High school seniors dance just under the wire News of storm didn't keep them home

March 16, 1993|By Mary Gail Hare | Mary Gail Hare,Staff Writer

"Let's dance" took on a new sense of urgency for Westminster High's seniors Friday.

With storm clouds gathering and blizzard conditions impending, most of the seniors spent their day off listening to weather reports and hoping they wouldn't hear a cancellation of their traditional dinner dance.

"We had to know by noon or earlier, if we were going to cancel," said Janet Kelly, faculty adviser to the senior class.

Weather forecasters promised that the snow wouldn't fall in any earnest until after midnight -- an hour after the last song would play at the dance. After frequent consultations, advisers, administrators and dance planners decided to take a chance.

Once the chefs at Turf Valley Country Club started preparing the meal, there was no turning back; the 250 students were committed to their $20-a-plate evening.

Apparel took an all-weather bent as students came prepared for the worst.

The young ladies mixed traditional velvet, lace or satin and beaded evening bags with sturdy snow boots and heavy mittens.

Instead of asking dad for the keys to the sportier cars, the young gentlemen opted for the family wagons and four-wheel-drive vehicles.

Along with "have fun" wishes, parents packed bags of sand, de-icer sprays, chains for tires and flashlights for the vehicles before they ventured out.

"My dad made me take warm clothes and sleeping bags," said Chris Maynard. "He gave me his credit card, too, in case we had to stay overnight at Turf Valley."

A few events on the evening's packed agenda had to be shortened.

"We wanted to make sure we got everything in for the class, just in case it started snowing early," said Cal Bloom, one of the chaperons. "We figured if it started to get bad, we would send the kids home."

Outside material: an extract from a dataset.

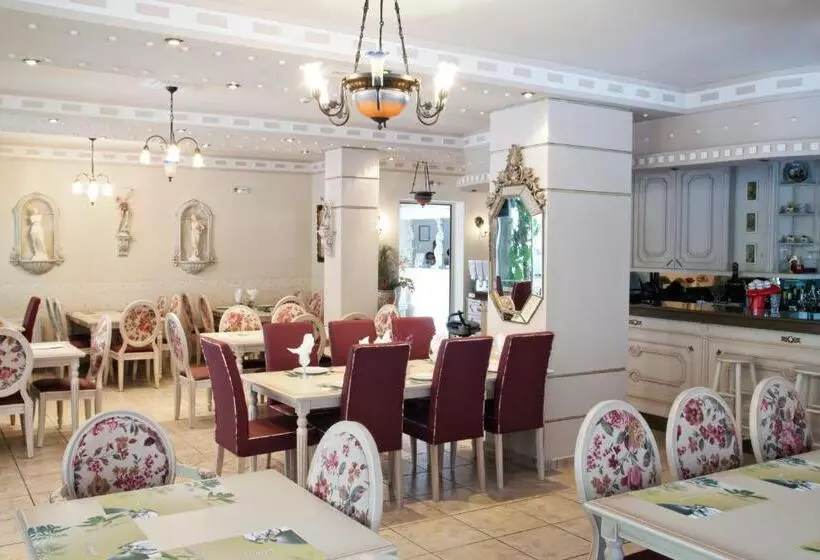 בית מלון כפרי Parthenon Art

The tossed salad may have gotten lost in the shuffle, he said. It never appeared on the tables. Diners went right from fruit to main course.

A video presentation of high schools ended mid-reel with a command, "Time to dance."

Couples twisted past the windows to catch a glimpse of the sky. Chaperons did double duty and made frequent trips outside.

Mr. Bloom said he set off minor alarm bells with a bogus announcement of "two inches on the ground already."

Before leaving the dance floor, most celebrants swapped elegant footwear for nonskid soles.

No one had to trip the light fantastic through the snow, though.

The evening ended and most cars were back in the family driveways before the first flake hit the ground.